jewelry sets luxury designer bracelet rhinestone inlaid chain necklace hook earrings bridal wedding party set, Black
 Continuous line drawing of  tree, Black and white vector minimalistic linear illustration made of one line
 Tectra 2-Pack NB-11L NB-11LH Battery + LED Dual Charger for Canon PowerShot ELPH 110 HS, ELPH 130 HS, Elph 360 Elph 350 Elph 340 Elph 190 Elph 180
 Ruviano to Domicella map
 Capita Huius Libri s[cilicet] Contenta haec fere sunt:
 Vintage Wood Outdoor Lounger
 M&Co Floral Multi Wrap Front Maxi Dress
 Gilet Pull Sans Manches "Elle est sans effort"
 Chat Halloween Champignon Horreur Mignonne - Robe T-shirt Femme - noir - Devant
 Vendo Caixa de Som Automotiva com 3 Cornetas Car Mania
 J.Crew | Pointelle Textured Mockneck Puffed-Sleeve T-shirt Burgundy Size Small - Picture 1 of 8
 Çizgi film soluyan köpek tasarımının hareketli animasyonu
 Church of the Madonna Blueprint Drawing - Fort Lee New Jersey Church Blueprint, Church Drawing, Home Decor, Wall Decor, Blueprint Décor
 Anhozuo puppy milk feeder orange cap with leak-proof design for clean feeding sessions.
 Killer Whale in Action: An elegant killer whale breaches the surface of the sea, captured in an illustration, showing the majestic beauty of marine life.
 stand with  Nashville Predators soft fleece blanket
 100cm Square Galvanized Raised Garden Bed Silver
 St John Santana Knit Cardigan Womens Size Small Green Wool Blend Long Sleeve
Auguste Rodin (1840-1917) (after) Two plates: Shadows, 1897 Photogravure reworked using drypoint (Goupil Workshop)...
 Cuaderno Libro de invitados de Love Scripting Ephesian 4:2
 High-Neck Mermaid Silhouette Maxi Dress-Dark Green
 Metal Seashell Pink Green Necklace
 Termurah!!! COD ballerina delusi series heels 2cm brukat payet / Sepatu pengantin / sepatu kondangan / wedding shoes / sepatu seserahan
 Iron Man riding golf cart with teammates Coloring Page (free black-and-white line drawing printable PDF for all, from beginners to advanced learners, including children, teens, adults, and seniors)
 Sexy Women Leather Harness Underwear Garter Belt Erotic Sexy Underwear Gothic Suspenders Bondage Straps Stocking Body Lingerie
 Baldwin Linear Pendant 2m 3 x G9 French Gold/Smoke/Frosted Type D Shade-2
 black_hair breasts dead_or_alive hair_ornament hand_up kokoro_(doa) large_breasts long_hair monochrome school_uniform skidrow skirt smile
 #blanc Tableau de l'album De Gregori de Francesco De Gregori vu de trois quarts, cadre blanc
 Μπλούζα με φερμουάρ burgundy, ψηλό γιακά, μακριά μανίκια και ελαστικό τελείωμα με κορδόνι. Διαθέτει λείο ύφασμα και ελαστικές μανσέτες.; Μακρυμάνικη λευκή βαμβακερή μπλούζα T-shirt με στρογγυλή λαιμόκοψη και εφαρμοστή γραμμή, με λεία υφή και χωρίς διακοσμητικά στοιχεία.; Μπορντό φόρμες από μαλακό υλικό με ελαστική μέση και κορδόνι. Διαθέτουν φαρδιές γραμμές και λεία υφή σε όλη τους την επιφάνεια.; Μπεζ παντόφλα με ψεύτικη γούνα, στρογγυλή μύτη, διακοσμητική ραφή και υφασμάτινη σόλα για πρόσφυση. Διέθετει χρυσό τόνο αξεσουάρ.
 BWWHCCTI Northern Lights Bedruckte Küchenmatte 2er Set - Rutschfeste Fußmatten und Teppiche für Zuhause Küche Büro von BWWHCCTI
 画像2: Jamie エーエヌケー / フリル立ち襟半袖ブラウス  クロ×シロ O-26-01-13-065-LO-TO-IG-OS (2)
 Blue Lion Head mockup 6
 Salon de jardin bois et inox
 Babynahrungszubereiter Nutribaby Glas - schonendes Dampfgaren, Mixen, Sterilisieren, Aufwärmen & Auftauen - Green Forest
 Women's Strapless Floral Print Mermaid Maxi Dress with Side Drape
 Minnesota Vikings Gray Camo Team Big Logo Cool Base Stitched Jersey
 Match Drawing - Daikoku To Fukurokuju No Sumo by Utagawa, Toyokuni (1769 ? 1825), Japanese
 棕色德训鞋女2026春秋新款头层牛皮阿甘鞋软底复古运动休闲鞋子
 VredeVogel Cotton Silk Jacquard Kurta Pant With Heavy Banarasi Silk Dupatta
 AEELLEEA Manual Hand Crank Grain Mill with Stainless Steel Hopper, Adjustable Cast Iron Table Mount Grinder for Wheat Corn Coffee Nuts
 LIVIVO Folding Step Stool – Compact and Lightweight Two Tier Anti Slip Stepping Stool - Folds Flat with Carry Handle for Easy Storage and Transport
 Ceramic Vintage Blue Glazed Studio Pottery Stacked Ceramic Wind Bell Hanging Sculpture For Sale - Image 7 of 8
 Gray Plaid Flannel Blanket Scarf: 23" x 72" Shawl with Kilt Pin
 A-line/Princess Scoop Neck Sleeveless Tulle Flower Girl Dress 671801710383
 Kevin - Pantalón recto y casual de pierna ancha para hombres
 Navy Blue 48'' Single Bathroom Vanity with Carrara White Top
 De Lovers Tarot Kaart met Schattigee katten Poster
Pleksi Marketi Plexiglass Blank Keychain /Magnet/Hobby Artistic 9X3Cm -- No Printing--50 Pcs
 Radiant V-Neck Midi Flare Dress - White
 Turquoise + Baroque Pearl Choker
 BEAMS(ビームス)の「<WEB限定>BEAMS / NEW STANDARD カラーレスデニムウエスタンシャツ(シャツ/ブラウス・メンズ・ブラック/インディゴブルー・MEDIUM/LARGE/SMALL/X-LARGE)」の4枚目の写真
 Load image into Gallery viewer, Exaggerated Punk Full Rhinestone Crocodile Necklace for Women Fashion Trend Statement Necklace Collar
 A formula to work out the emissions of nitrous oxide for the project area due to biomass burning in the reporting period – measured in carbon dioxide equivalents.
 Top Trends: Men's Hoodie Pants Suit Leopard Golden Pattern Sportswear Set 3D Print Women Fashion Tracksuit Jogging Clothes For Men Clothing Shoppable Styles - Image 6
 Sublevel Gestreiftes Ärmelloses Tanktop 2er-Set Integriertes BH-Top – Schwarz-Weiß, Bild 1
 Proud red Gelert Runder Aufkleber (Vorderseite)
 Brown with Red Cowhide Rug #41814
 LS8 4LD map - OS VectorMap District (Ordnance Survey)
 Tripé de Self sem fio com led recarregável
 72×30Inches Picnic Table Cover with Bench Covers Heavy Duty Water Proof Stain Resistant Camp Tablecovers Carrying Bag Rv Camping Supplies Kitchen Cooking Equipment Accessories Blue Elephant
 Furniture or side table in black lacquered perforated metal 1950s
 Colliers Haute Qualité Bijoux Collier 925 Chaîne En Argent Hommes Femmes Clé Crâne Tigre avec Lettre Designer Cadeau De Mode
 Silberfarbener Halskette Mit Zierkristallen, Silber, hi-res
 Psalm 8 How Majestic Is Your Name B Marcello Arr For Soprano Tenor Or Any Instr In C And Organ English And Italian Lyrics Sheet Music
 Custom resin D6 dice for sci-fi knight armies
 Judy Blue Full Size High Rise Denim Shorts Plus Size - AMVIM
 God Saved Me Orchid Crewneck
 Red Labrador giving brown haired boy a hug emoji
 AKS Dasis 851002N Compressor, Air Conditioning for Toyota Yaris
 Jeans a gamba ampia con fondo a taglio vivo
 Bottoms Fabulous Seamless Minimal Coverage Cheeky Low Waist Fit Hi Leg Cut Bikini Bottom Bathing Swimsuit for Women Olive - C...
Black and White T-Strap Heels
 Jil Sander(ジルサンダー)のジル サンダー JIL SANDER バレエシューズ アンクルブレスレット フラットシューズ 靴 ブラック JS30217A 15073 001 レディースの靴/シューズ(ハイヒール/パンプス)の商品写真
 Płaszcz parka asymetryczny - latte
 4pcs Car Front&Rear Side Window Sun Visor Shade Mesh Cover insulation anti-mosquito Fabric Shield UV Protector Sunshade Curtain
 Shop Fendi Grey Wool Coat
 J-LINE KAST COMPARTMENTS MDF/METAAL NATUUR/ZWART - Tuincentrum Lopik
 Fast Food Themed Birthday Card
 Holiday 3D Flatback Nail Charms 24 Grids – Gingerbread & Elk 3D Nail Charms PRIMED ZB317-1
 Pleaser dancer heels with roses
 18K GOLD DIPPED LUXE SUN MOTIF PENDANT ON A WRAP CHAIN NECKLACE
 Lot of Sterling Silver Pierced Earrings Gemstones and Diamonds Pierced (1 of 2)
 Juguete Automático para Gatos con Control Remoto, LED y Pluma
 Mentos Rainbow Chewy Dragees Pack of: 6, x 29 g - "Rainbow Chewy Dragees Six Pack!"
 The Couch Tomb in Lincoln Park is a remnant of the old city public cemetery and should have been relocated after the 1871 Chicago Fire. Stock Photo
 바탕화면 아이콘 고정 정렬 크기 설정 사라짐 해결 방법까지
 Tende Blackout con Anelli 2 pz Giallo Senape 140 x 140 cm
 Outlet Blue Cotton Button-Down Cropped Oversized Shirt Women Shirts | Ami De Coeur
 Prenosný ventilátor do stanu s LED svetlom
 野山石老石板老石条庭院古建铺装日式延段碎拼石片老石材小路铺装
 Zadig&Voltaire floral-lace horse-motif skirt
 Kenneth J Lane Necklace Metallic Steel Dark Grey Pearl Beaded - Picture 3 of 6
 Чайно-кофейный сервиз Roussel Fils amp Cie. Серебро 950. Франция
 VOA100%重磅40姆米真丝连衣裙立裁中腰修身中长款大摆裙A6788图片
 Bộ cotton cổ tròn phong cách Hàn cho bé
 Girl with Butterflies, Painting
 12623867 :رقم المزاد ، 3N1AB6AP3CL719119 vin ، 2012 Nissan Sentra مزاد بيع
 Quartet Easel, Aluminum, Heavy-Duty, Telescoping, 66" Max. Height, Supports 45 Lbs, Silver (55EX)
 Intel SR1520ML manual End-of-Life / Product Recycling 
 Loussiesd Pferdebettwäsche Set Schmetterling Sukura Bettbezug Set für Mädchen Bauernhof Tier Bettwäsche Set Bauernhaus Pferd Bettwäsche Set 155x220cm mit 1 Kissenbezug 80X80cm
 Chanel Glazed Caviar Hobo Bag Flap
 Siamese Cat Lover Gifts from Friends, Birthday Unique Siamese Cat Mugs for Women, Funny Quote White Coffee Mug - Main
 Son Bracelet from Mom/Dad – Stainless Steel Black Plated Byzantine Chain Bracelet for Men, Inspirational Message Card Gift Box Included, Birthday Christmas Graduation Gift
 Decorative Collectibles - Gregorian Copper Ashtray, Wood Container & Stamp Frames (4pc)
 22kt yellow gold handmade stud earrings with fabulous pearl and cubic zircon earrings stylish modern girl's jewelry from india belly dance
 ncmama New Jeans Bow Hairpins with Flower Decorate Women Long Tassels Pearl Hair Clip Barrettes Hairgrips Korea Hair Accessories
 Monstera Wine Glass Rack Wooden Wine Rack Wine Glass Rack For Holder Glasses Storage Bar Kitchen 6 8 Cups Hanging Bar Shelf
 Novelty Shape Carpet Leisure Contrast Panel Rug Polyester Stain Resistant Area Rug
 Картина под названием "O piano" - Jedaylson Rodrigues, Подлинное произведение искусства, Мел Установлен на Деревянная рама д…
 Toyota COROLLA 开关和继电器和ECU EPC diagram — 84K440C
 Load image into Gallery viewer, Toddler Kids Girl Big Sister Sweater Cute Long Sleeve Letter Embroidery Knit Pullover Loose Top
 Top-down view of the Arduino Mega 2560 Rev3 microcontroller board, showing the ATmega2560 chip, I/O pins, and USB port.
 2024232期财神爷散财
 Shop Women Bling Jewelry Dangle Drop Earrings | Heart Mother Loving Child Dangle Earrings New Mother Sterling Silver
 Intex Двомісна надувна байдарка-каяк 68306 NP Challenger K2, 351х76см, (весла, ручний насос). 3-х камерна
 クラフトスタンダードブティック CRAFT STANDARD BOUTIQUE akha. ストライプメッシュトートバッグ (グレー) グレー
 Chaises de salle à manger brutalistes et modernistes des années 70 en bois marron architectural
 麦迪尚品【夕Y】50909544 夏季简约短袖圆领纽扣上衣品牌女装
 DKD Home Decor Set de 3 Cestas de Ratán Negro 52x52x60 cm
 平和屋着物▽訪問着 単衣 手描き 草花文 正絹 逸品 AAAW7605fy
---+---
Whatever else the listing above holds, retype exactly only the lines from the one containing "LS8 4LD map" to the one containing "Holiday 3D Flatback", both ends kept.

▶ **RESPONSE BOX**
 LS8 4LD map - OS VectorMap District (Ordnance Survey)
 Tripé de Self sem fio com led recarregável
 72×30Inches Picnic Table Cover with Bench Covers Heavy Duty Water Proof Stain Resistant Camp Tablecovers Carrying Bag Rv Camping Supplies Kitchen Cooking Equipment Accessories Blue Elephant
 Furniture or side table in black lacquered perforated metal 1950s
 Colliers Haute Qualité Bijoux Collier 925 Chaîne En Argent Hommes Femmes Clé Crâne Tigre avec Lettre Designer Cadeau De Mode
 Silberfarbener Halskette Mit Zierkristallen, Silber, hi-res
 Psalm 8 How Majestic Is Your Name B Marcello Arr For Soprano Tenor Or Any Instr In C And Organ English And Italian Lyrics Sheet Music
 Custom resin D6 dice for sci-fi knight armies
 Judy Blue Full Size High Rise Denim Shorts Plus Size - AMVIM
 God Saved Me Orchid Crewneck
 Red Labrador giving brown haired boy a hug emoji
 AKS Dasis 851002N Compressor, Air Conditioning for Toyota Yaris
 Jeans a gamba ampia con fondo a taglio vivo
 Bottoms Fabulous Seamless Minimal Coverage Cheeky Low Waist Fit Hi Leg Cut Bikini Bottom Bathing Swimsuit for Women Olive - C...
Black and White T-Strap Heels
 Jil Sander(ジルサンダー)のジル サンダー JIL SANDER バレエシューズ アンクルブレスレット フラットシューズ 靴 ブラック JS30217A 15073 001 レディースの靴/シューズ(ハイヒール/パンプス)の商品写真
 Płaszcz parka asymetryczny - latte
 4pcs Car Front&Rear Side Window Sun Visor Shade Mesh Cover insulation anti-mosquito Fabric Shield UV Protector Sunshade Curtain
 Shop Fendi Grey Wool Coat
 J-LINE KAST COMPARTMENTS MDF/METAAL NATUUR/ZWART - Tuincentrum Lopik
 Fast Food Themed Birthday Card
 Holiday 3D Flatback Nail Charms 24 Grids – Gingerbread & Elk 3D Nail Charms PRIMED ZB317-1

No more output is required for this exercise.